Dandelion Paddock cricket ground
- Interactive map of Dandelion Paddock cricket ground
- Location: Margate, Kent
- Coordinates: 51°22′41″N 1°21′00″E﻿ / ﻿51.378°N 1.350°E (approx.)
- Home club: Sir Horatio Mann's XI
- County club: Kent (pre-county club)
- Establishment: 1789
- Last used: 1806

= Dandelion Paddock =

Former cricket ground in Dent de Lion, Kent

Dandelion Paddock was a cricket ground in Dent de Lion west of Margate, Kent. Sir Horatio Mann organised a number of matches there in the 1790s.

==Location==
The paddock was sited in the grounds of Dent de Lion, also known as Dandelion, in Garlinge, now a suburb located 1.5 mi south-west of Margate. The estate was established around a former manor house in the 12th or 13th century by the family of Dent de Lyon. It was owned by Charles James Fox for many years until his death in 1806. The only remaining evidence of the estate is a 15th-century gatehouse.

==Matches==
The grounds had been converted into a resort and tea garden by the time cricket matches were held there and had become very popular with residents of Margate and nearby Ramsgate.

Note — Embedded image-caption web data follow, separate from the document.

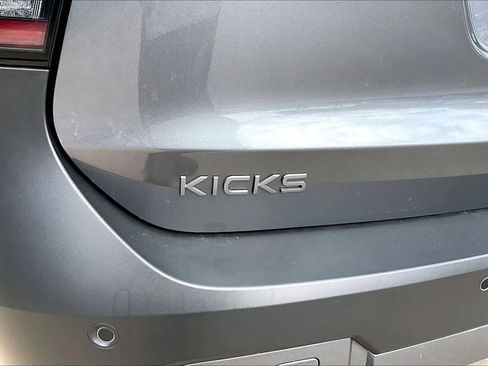 Certified 2025 Nissan Kicks SR image 30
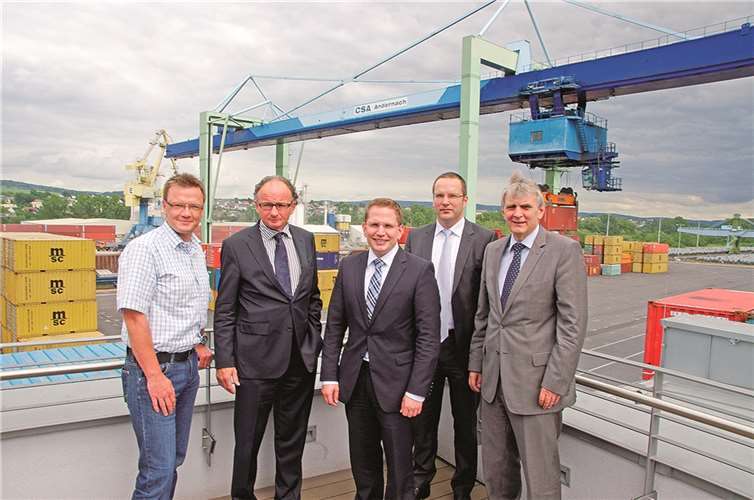 Zufrieden mit dem Geschäft des Andernacher Hafens (v. l.): Hafenbetriebsleiter Thomas Kimma, Oberbürgermeister Achim Hütten, Geschäftsführer Lars Hörnig, Geschäftsführer Jan Deuster, Bürgermeister Claus Peitz. WPA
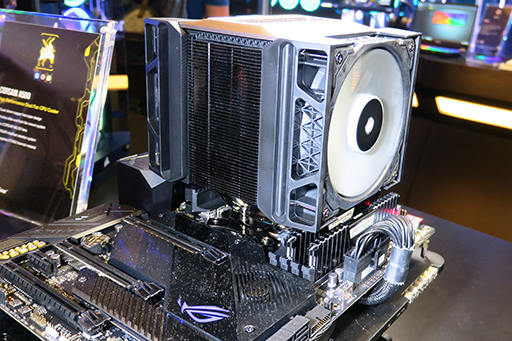 画像ギャラリー No.013のサムネイル画像 / Corsair，4K60pのHDR映像を単体録画できるキャプチャデバイス「4K60 S＋」や液冷化したPS4 Pro/Xbox One Sを内蔵するゲームPCを発表
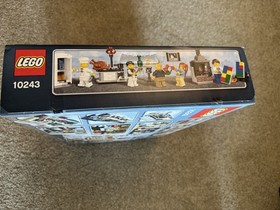 Brand New Sealed LEGO Creator Expert: Parisian Restaurant (10243)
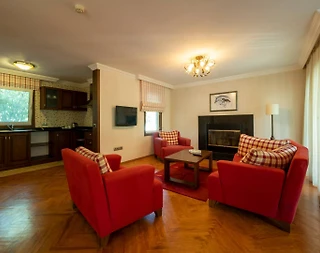 Muğla Ula'da Tesis İçerisinde, Ortak Havuzlu, 3+1 Villa - 4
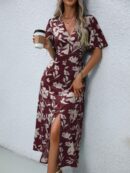 Vestido Largo Elegante de Estampado Tropical con Escote en V y Volantes
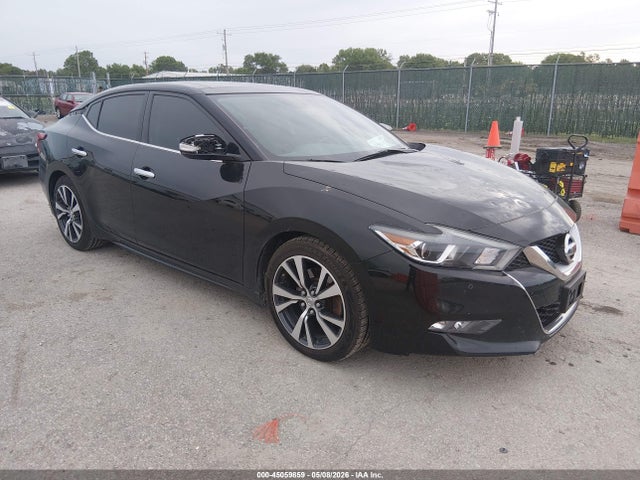 Salvage Nissan Maxima Image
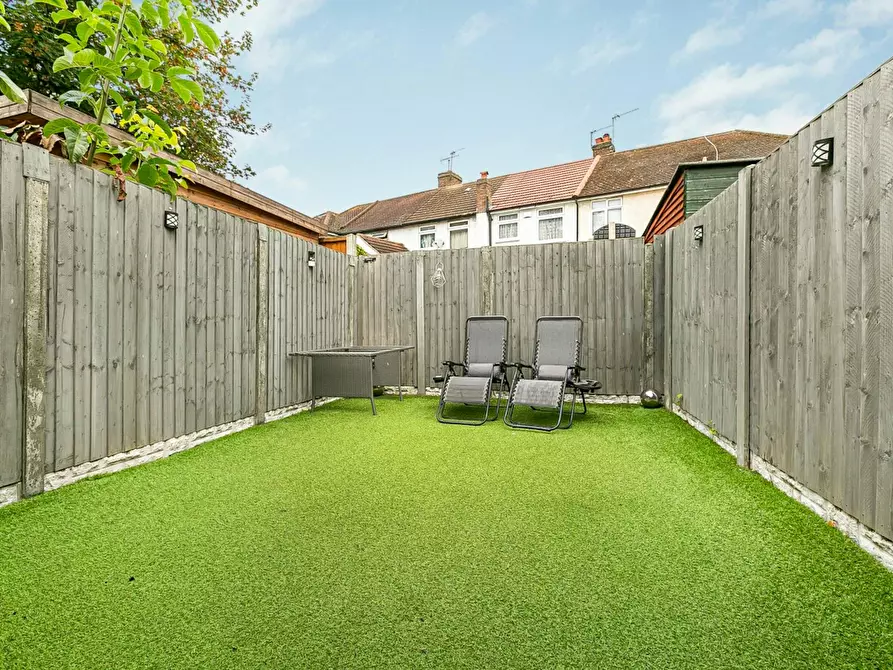 Immagine 6 di Casa indipendente in affitto  in Elmgate Avenue a Hounslow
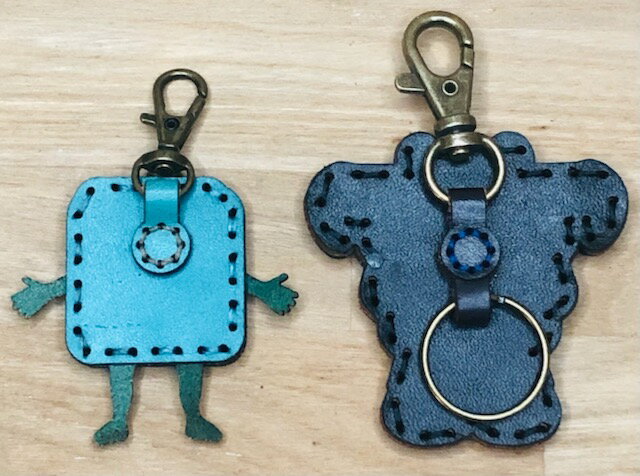 【ふるさと納税】呉氏＆ヤブver3 レザーキーホルダーセット手作り 一点もの 革製品 レザー キーリング レディース メンズ 鍵 バッグチャーム ストラップ ご当地キャラ ゆるキャラ 革小物 ヤブ ギフト プレゼント 送料無料 広島県 呉市 サムネイル3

The earliest known match at Dandelion Paddock was in September 1789 when Mann's East Kent played a team from the Isle of Thanet. In September 1795, it became an important venue when Mann staged three successive matches featuring his own XI. Two further games took place in 1796.

The ground is last known to have been used on 15 September 1806 when Lord Frederick Beauclerk's XI defeated Edward Bligh's XI by 53 runs. Kent also used the New Cricket Ground in Cliftonville to the east of Margate for one match in 1864.